= Arthur Hamilton of Mirretoun =

Alexander Hamilton of Mirretoun (died 1579) was a soldier who fought for Mary, Queen of Scots, during the Marian civil war.

== Family background ==
His lands were at Merryton near Larkhall, in South Lanarkshire within the old parish of Hamilton, South Lanarkshire and near Cadzow Castle. He was captain of Hamilton Castle and Cadzow Castle. Arthur Hamilton is sometimes said to have been a brother of the assassin James Hamilton of Bothwellhaugh, but this not correct.

== Civil war ==
According to David Hume of Godscroft, Hamilton was blamed for the defeat of Mary, Queen of Scots, at the battle of Langside. As Mary seemed to hold John Stuart of Castleton in higher regard, Hamilton taunted him and Stuart made an unwise attack to prove his bravery after Arthur Hamilton shouted "Where are now these Stuarts that did contest for the first place, let him now come and take it".
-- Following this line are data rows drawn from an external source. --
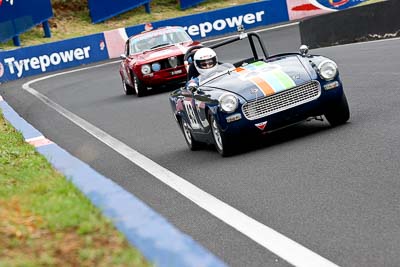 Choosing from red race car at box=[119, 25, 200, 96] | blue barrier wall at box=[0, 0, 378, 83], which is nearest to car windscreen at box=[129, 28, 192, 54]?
red race car at box=[119, 25, 200, 96]

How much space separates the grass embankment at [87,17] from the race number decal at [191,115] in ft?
113

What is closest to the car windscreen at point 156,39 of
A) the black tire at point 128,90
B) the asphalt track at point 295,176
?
the black tire at point 128,90

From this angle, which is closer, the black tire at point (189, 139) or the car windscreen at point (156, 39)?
the black tire at point (189, 139)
In January 1571, Arthur Hamilton helped Claud Hamilton, 1st Lord Paisley take Paisley Abbey and the Place of Paisley from Lord Sempill.
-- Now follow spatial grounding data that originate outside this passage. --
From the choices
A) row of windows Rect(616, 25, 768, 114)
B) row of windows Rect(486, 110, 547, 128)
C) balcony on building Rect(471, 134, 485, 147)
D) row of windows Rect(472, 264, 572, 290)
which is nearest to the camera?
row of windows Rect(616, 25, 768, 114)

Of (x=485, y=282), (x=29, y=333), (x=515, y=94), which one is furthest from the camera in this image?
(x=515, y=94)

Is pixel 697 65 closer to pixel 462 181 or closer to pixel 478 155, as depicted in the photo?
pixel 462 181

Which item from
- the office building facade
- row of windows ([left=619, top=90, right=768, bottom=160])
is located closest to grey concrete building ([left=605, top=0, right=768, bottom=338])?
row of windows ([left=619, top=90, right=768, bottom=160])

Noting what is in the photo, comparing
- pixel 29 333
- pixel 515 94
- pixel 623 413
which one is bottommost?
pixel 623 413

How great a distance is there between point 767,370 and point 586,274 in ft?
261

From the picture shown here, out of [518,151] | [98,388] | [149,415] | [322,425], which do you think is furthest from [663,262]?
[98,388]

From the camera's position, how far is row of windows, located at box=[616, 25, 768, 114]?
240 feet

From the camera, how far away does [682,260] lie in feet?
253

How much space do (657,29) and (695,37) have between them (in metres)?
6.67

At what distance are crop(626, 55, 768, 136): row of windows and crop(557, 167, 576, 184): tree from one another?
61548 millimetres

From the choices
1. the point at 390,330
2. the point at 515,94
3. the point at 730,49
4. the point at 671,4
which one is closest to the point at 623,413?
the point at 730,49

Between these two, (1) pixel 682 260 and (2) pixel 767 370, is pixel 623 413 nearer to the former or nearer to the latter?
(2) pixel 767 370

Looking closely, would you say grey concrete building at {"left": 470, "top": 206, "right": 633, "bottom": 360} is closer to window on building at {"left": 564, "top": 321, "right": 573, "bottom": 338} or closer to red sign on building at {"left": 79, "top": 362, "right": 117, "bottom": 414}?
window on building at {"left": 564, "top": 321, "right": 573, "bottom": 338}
Arthur Hamilton came to Edinburgh Castle on 19 May 1571, with Claude Hamilton and Robert Hamilton of Inchmachan. On 22 April 1571, Alexander Baillie and Arthur Hamilton captured the king's tailor James Inglis near St Cuthbert's Church. Inglis was returning from Stirling Castle, where he had been fitting the king's clothes. Inglis was imprisoned in Edinburgh Castle. The tailor was released two days later after the Deacon of Crafts had spoken with William Kirkcaldy of Grange, Captain of the Castle.
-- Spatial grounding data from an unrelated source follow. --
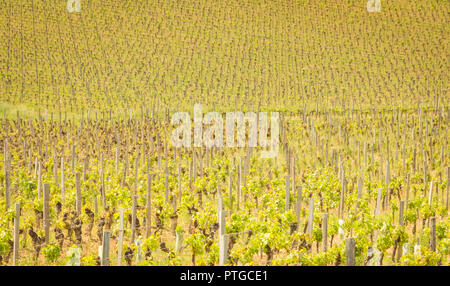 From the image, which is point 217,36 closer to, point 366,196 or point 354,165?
point 354,165

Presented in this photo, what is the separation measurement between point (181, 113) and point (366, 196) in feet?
53.7

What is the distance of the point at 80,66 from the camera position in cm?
3478

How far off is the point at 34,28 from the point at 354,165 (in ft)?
104

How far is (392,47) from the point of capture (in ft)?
120

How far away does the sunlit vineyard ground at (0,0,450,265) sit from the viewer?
9.27 meters

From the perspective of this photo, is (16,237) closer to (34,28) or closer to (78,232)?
(78,232)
Arthur Hamilton was injured in a skirmish in May 1571, when Lord Herries, Maxwell, and Lochinvar attempted to captain a fort at the Dow Craig near Edinburgh. David Calderwood wrote that he was "run through with a spear".

== Death ==
Regent Morton sent an army against the Hamilton family and their strongholds in May 1579. Arthur Hamilton was captured at Hamilton Castle, and hanged at Stirling on 30 May 1579.